◆ **Supplied information**:
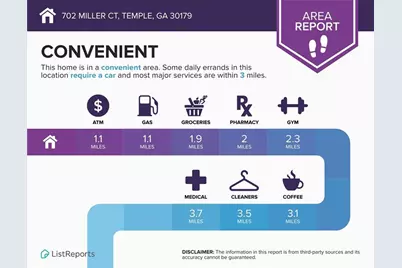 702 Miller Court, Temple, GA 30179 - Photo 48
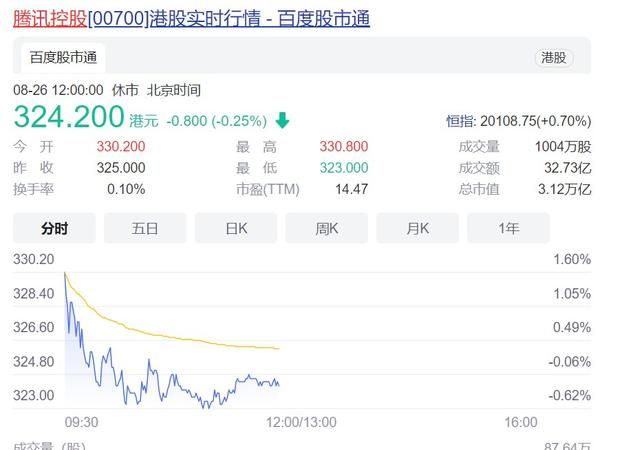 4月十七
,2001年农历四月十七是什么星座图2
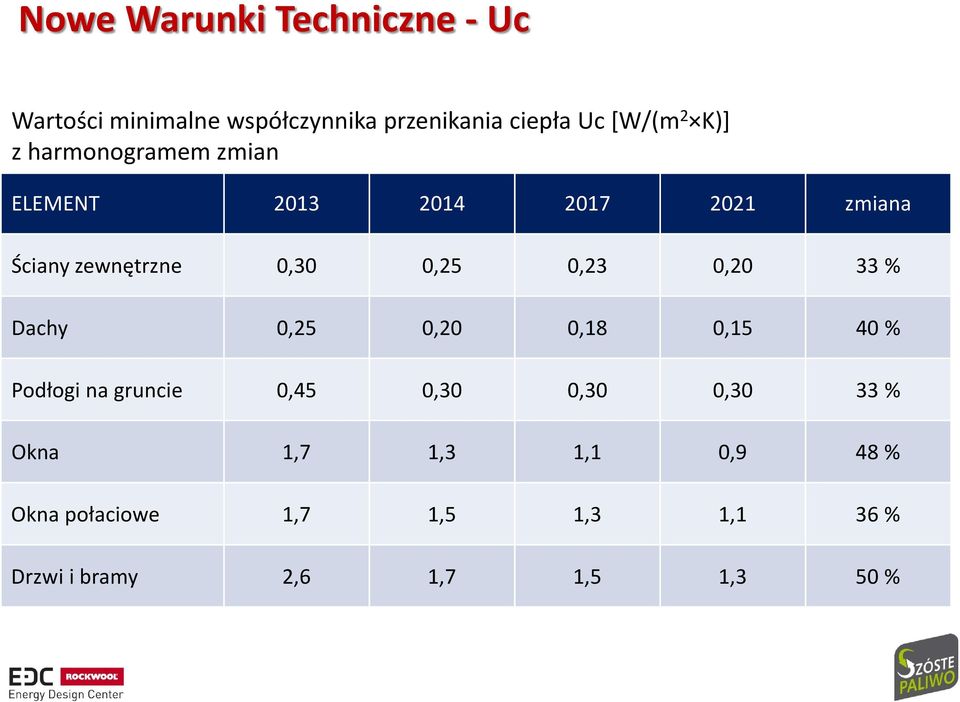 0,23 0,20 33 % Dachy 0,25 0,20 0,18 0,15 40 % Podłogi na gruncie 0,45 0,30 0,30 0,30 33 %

...

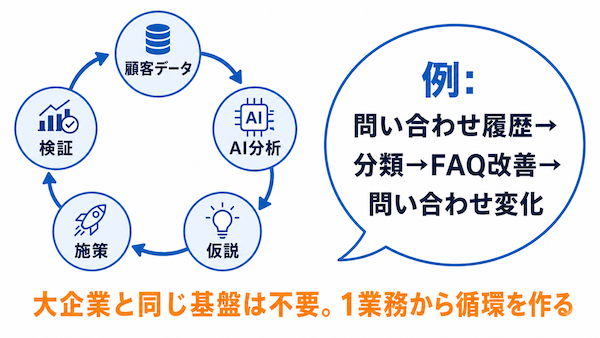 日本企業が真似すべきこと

--

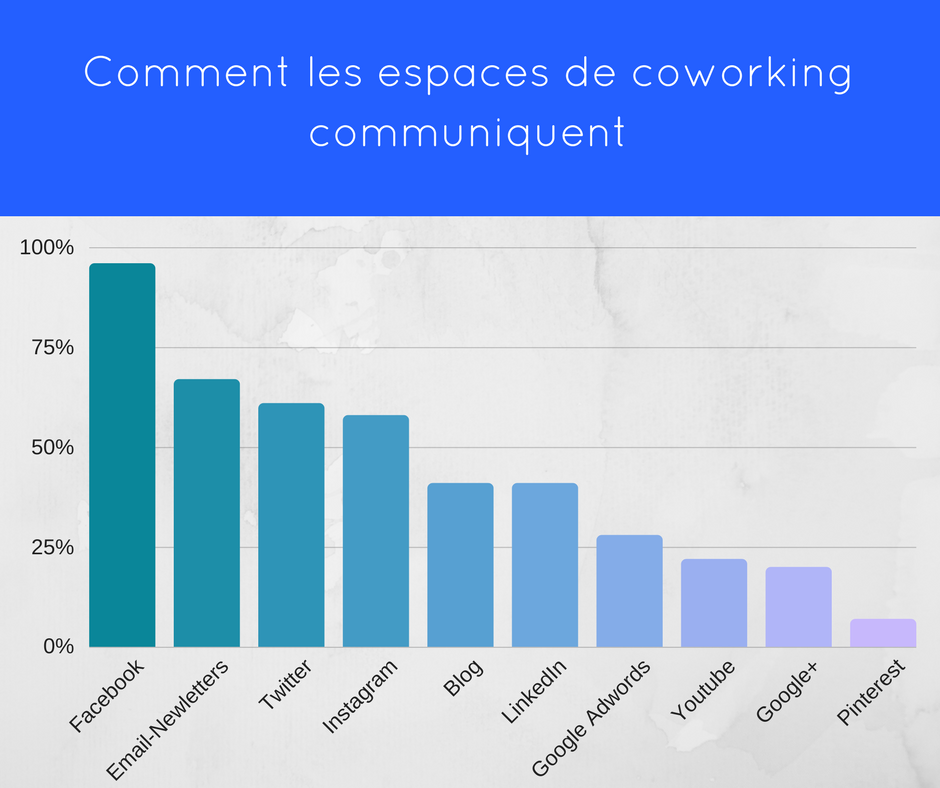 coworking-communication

◆ **Problem**: Set down exactly the lines above, from the line containing "702 Miller Court, Temple, GA" through the line containing "0,23 0,20 33". Skip the pictures.

◆ **Answer to the exercise**:
 702 Miller Court, Temple, GA 30179 - Photo 48
 4月十七
,2001年农历四月十七是什么星座图2
 0,23 0,20 33 % Dachy 0,25 0,20 0,18 0,15 40 % Podłogi na gruncie 0,45 0,30 0,30 0,30 33 %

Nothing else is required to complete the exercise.